The Peril of Forgetting Jonathan

Oh, Jonathan.

Jonathan, David’s best friend, who never slayed a Goliath, who never earned the hearts of Israel with his relentless slaughter of Philistines.

Jonathan, who – when David came to him desperate and afraid for his life – soothed him and swore a covenant of friendship, loyalty, and love “between your descendants and my descendants forever” (1 Samuel 20:42).

Jonathan, who acknowledged with humility, grace, and no trace of bitterness or complaint that he “would be second to” a last-born shepherd in spite of his royal birthright and position as Saul’s firstborn son.

Jonathan, who sat humiliated and helpless at the table while his own father derided him as the “son of a perverse and rebellious woman…[who has sided with the son of Jesse] to his own shame” (1 Samuel 20: 30).

Jonathan, who ducked the spear thrown at him by his own father.

Jonathan, who grew so angry and sorrowful over his father’s treatment of David that he could not eat.

Jonathan, whose intervention saved David’s life.

Jonathan, who suffered a brutal death at the hands of the Philistines, whose death was proclaimed by the Philistines in the streets with joy, whose body was displayed on the wall of Beth Shan until some Israelites came to retrieve him and bury him.

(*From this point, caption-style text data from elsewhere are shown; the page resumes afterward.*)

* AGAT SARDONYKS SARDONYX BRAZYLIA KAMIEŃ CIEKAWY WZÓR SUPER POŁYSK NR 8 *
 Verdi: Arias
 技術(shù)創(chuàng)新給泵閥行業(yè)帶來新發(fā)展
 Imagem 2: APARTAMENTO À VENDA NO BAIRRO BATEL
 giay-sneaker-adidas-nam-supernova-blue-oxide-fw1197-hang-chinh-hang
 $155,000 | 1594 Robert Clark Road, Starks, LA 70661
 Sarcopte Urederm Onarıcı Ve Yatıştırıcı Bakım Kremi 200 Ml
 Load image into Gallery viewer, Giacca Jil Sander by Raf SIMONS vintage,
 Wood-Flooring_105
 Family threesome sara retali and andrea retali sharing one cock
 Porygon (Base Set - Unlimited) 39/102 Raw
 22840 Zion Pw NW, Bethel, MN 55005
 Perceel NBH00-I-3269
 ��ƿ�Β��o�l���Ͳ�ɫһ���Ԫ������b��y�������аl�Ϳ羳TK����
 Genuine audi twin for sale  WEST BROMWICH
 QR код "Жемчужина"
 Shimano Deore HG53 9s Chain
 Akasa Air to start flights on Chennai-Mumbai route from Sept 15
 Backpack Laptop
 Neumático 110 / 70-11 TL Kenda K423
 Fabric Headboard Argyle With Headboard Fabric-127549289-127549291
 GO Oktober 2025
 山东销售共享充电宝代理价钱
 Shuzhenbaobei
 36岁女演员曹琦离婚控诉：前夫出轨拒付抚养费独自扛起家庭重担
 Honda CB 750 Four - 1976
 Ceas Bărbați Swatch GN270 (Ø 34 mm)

In the reading of the Old Testament and in the stories of great Biblical figures, it is always David who receives focus and praise and attention: giant-slaying, Philistine-murdering, Bathsheba-desiring, eloquent and complicated David.

But there would have been no David without Jonathan.  Pay close attention to that, because it was not until my recent re-reading of David’s story that I fully realized it at all.  There would have been no David without Jonathan.

Jonathan did not need David.  In fact, David’s very existence only served to upend Jonathan’s.  Jonathan was royalty, the firstborn son of a king, and this is the result of his friendship with David: the inevitable loss of his position and status, the loss of his father’s affection, and an eventual brutal death.

Jonathan did not need David.  But David needed Jonathan.

Without Jonathan’s intervention, the line of David – the eventual line of Christ! – would have been cut off at the root.  Saul’s madness and envy and rage would have prevailed.  It was a prince, in utter disregard of his position, who stemmed the tide of that hatred – even at great cost to himself.  And in him, though surely he sinned because he was human, we see no bitterness, no contempt, no envy, no grudge.

David is a Biblical hero.  But Jonathan is the man who displays an astonishingly Christlike character, and that perhaps is why he is less well-known. So many of us have a tendency to focus on Christian “heroes” – the big, bright, loud, rock ‘n’ roll stars of the faith who draw attention with charisma and outsize personalities or startling eloquence – that we miss these quiet people in the background whose sacrifices and love and loyalty make everything else possible.

If you’re a believer, you surely have a Jonathan – a person you’ve leaned on, someone who understands you, who has helped you, who has ministered to you in a time of need.  Don’t forget that person, regardless of where your journey takes you. Reach out to them and thank them and repay the love and loyalty as much as you can.

You don’t know how long you’ll have them with you.